Photo Credit: PIIE/Jeremey Tripp


The Federal Open Market Committee (FOMC or Fed) signaled on September 22 that it will probably start to taper off its bond purchases soon because it believes the US economy is likely to continue to perform strongly despite the Delta wave of COVID-19 infections. Markets had expected the taper signal, but the "dot plot" of FOMC participants' expectations of future policy interest rates shifted up a tiny bit, and participants are now evenly divided as to whether the first rate hike will occur in 2022 or 2023. Short-term bond yields rose a small amount, but longer-term yields ticked down. In its revised economic projections, the FOMC continues to show a dramatic decline in inflation next year, with inflation remaining essentially flat at its 2 percent target over the next three years despite a strong economy with low unemployment and easy monetary policy.

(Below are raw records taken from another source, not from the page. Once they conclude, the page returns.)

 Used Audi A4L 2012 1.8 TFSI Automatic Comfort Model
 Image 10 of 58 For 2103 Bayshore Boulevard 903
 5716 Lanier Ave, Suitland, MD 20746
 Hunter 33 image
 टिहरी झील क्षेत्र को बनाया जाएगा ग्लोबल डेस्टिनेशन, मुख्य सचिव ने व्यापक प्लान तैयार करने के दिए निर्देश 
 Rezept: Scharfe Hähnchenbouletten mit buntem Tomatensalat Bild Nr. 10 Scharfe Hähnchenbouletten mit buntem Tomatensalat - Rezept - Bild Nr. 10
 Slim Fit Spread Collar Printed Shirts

In the press conference after the FOMC meeting, Fed Chair Jerome Powell said that some FOMC participants are ready to support the taper now and that he is "almost there." He indicated that one more solid monthly employment report would probably be enough for him to support a tapering announcement at the next meeting in early November. Powell said that bond purchases would likely end completely by the middle of next year. In response to a question, he said that the FOMC probably would not raise interest rates while it is still purchasing bonds and that if policy tightening is needed next year the FOMC would accelerate the taper before raising rates.

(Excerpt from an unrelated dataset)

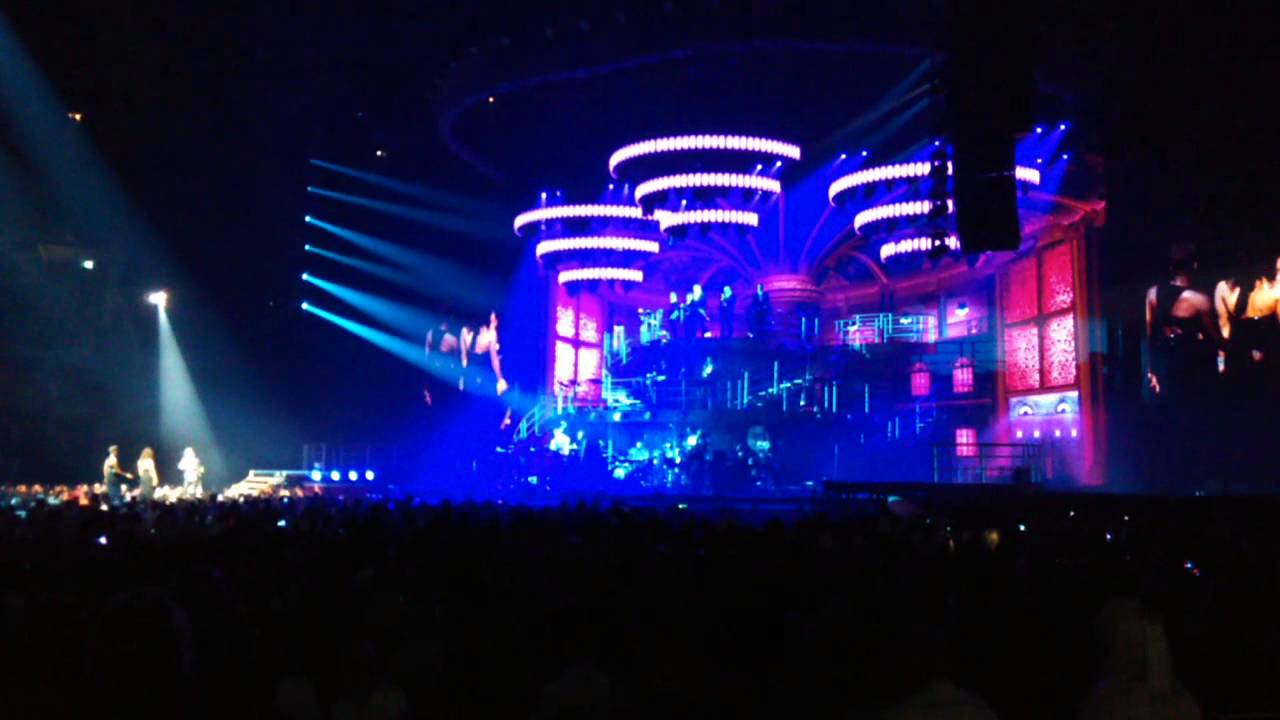Robbie Williams - Minnie the moocher + thoughts + Supreme (intro)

The FOMC also released a new set of projections of key economic variables through 2024. The median US GDP growth projection for 2021 was marked down from a blistering 7.0 percent to a still strong 5.9 percent, and the projection for 2022 was marked up from 3.3 to 3.8 percent. Inflation was marked up sharply for 2021, reflecting the surprisingly high data releases over the summer. The FOMC is still projecting a sharp drop in inflation in 2022 to close to its targeted value of 2 percent. The median interest rate projection for 2023 increased noticeably from 0.6 to 1.0 percent.

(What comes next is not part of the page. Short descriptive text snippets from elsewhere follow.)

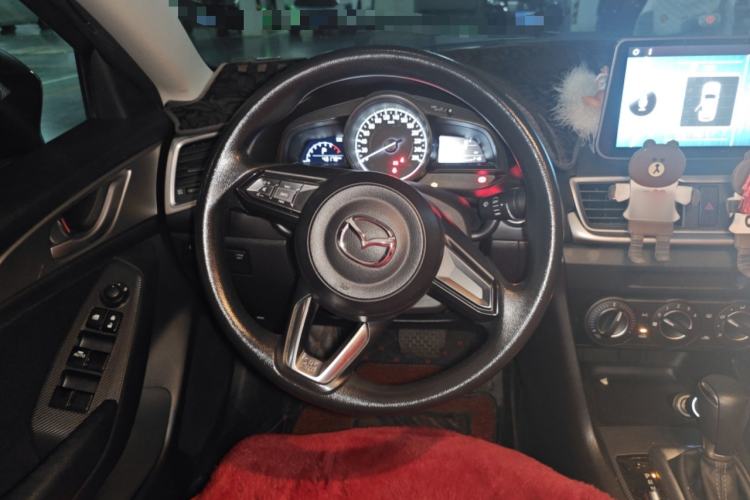 Used Mazda 3 Axela 2017 Sedan 1.5L Automatic Comfort Model Emission Standard China V Steering Wheel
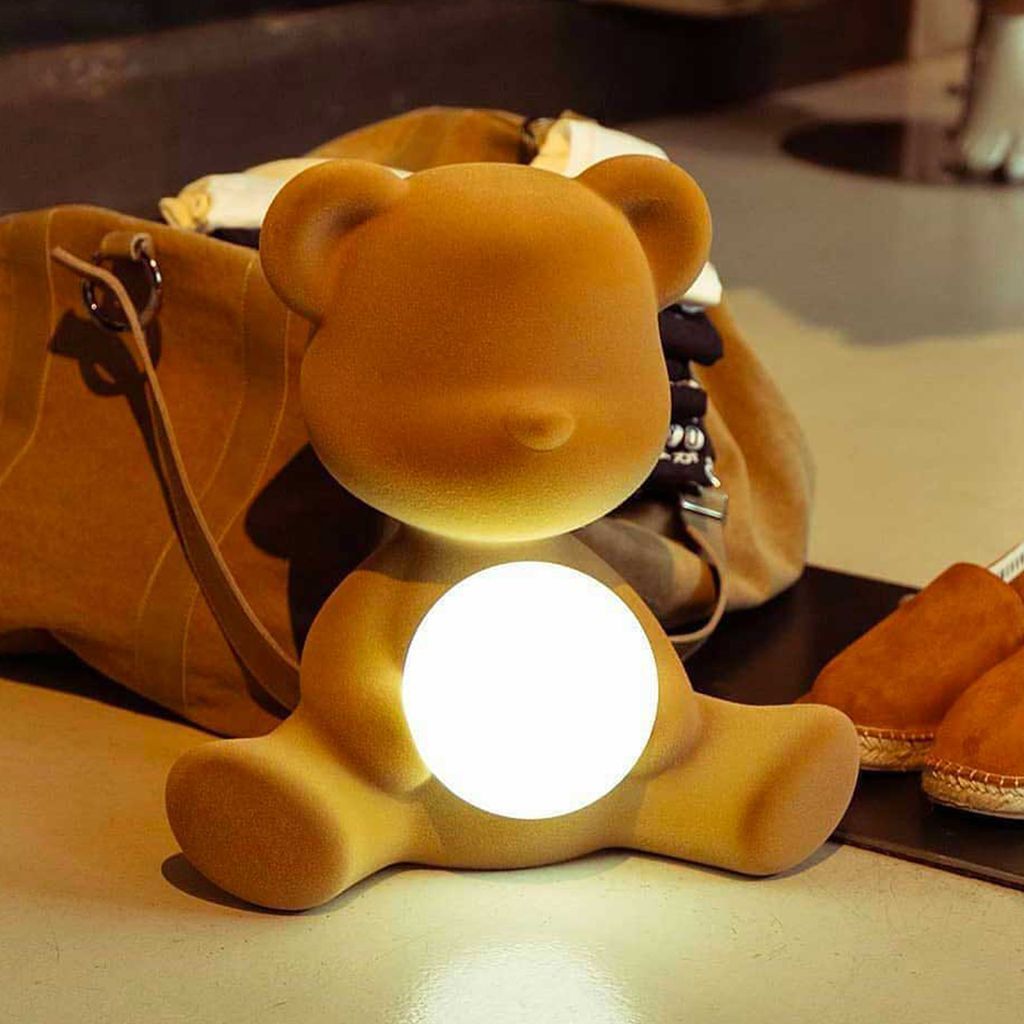 Qeeboo Teddy Girl laddningsbar LED -bordslampa Velvet Finish, Dark Gold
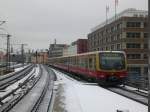 BR 481 als S5 nach S-Bahnhof Berlin Westkreuz am S+U Bahnhof Berlin Alexanderplatz.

The changes to the FOMC projections are all consistent with economic news since the last projections were released in June. However, there remains an apparent inconsistency in the forecast as unemployment is projected to be below its long-run level for three years in a row and policy rates are projected to be below their long-run level, yet inflation ticks down a tiny amount. Normally, one would expect a strong economy with low unemployment and easy monetary policy to cause inflation to drift up.